*What the task requires*. Give back the entries that follow exactly as written. Any picture gets left out.
[Data to process Boundary: Start]
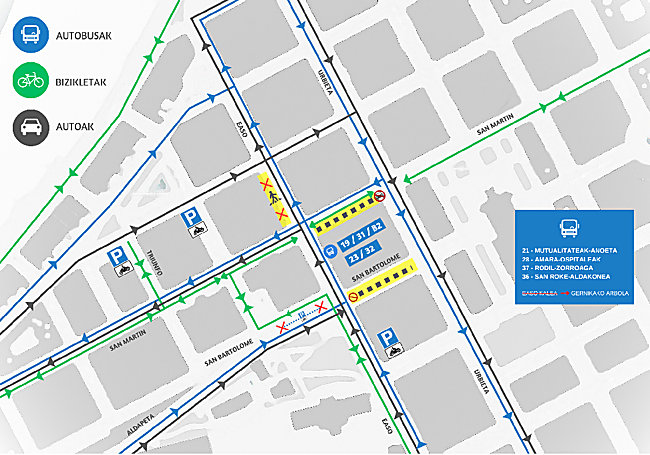 Los nuevos cambios al tráfico en el Centro por las obras del Topo. El tramo de la calle San Bartolomé con Easo y Urbieta se cierra al tráfico desde el lunes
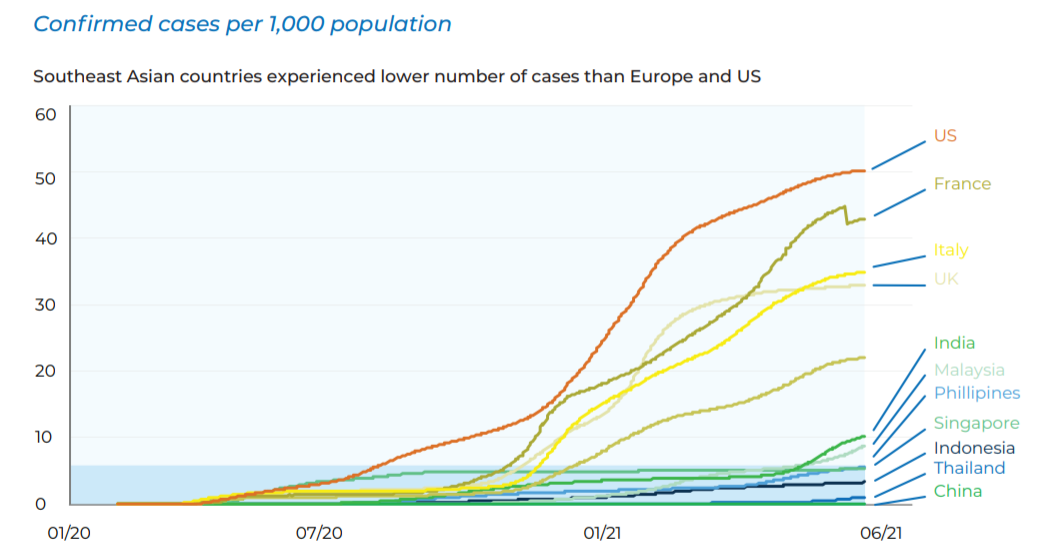 JICA：2021年6月东南亚新冠肺炎病例超400万，占全球疫情2.3%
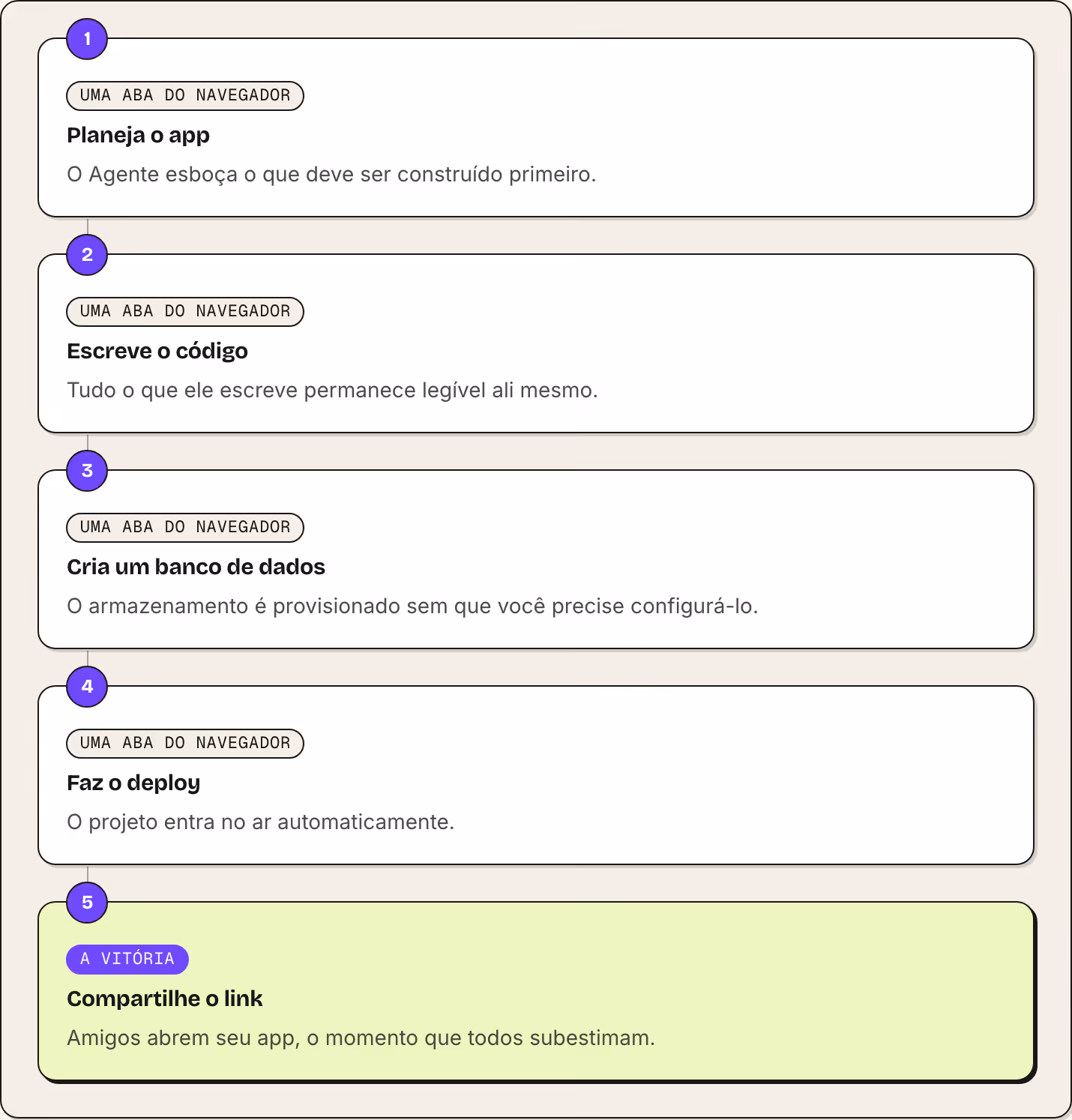 1 Uma aba do navegador Planeja o app O Agente esboça o que deve ser construído primeiro. 2 Uma aba do navegador Escreve o código Tudo o que ele escreve permanece legível ali mesmo. 3 Uma aba do navegador Cria um banco de dados O armazenamento é…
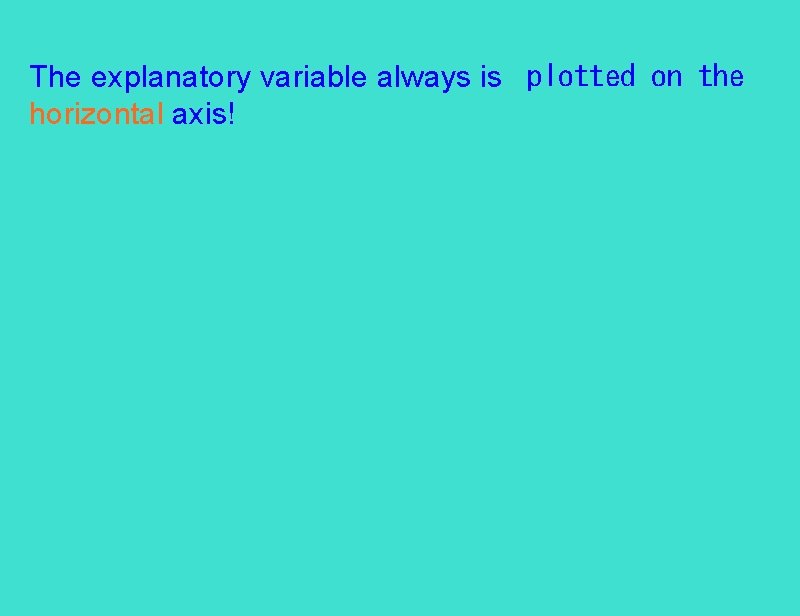 The explanatory variable always is  plotted on the horizontal axis! 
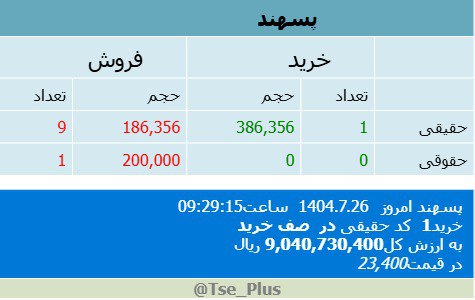 analysis_chart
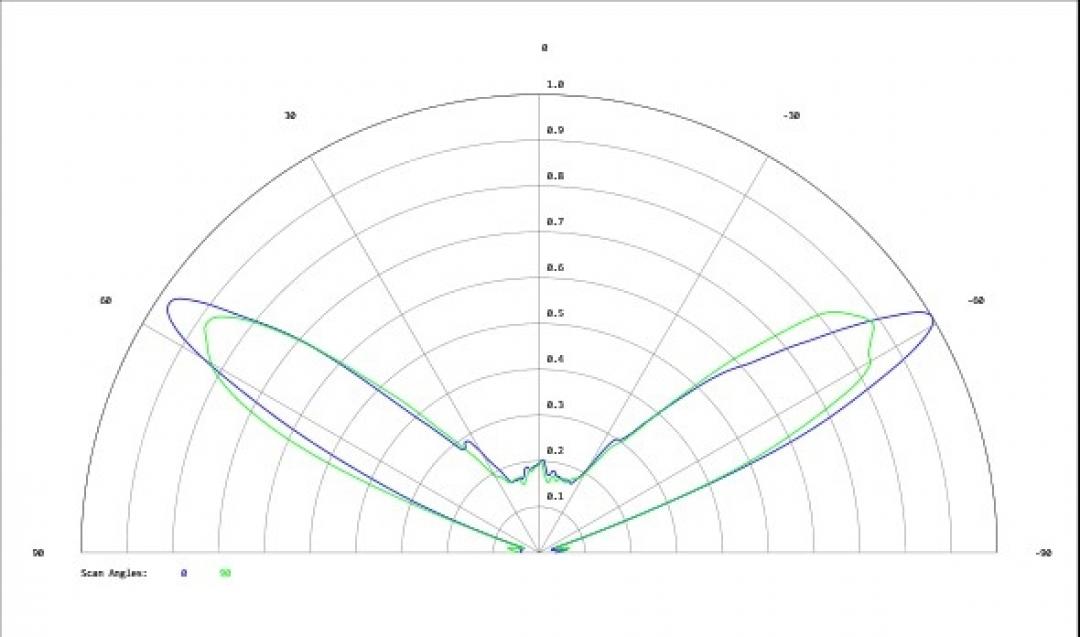 Carclo Optics - Simulated Cross Section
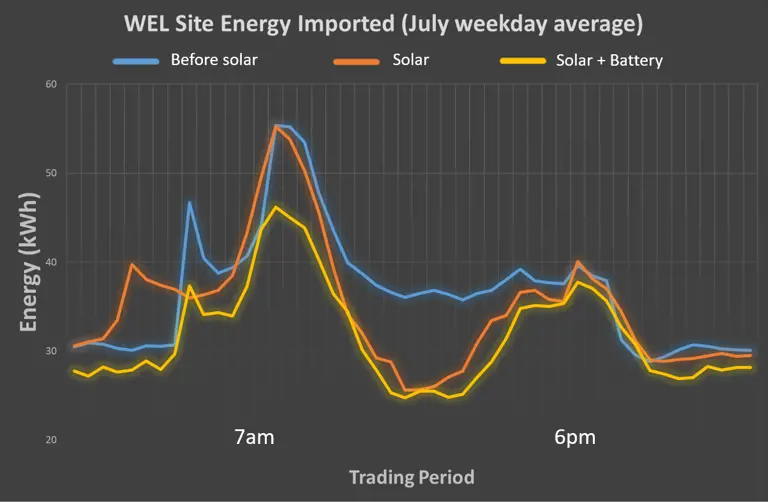 Line graph showing reduced demand on a microgrid between 7am and 6pm due to solar and batter energy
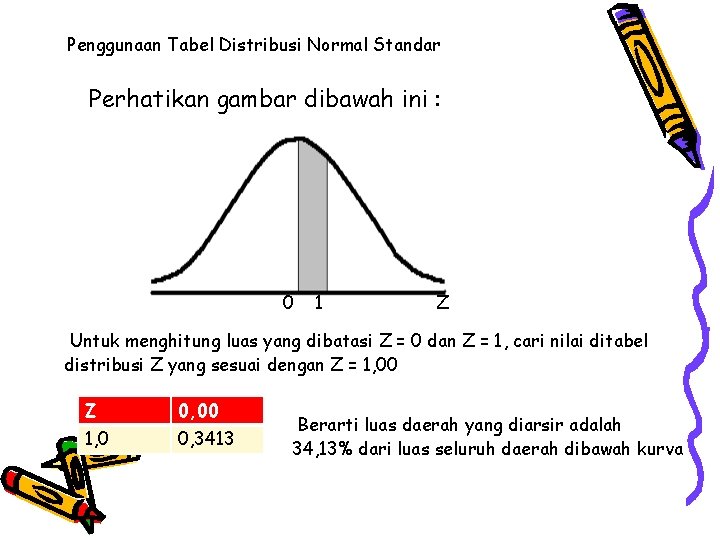Penggunaan Tabel Distribusi Normal Standar Perhatikan gambar dibawah ini : 0 1 Z Untuk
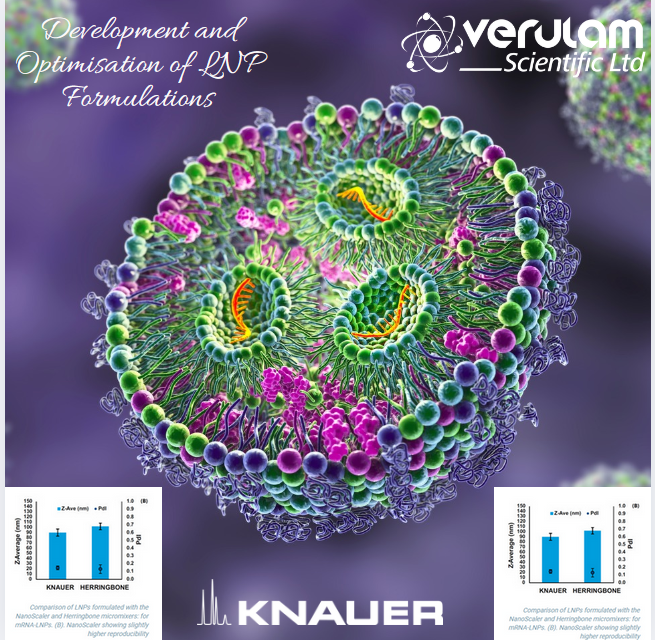 Development and Optimisation of LNP Formulations – Utilising the KNAUER NanoScaler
[Data to process Boundary: End]
*Your solution*.
 Los nuevos cambios al tráfico en el Centro por las obras del Topo. El tramo de la calle San Bartolomé con Easo y Urbieta se cierra al tráfico desde el lunes
 JICA：2021年6月东南亚新冠肺炎病例超400万，占全球疫情2.3%
 1 Uma aba do navegador Planeja o app O Agente esboça o que deve ser construído primeiro. 2 Uma aba do navegador Escreve o código Tudo o que ele escreve permanece legível ali mesmo. 3 Uma aba do navegador Cria um banco de dados O armazenamento é…
 The explanatory variable always is  plotted on the horizontal axis! 
 analysis_chart
 Carclo Optics - Simulated Cross Section
 Line graph showing reduced demand on a microgrid between 7am and 6pm due to solar and batter energy
Penggunaan Tabel Distribusi Normal Standar Perhatikan gambar dibawah ini : 0 1 Z Untuk
 Development and Optimisation of LNP Formulations – Utilising the KNAUER NanoScaler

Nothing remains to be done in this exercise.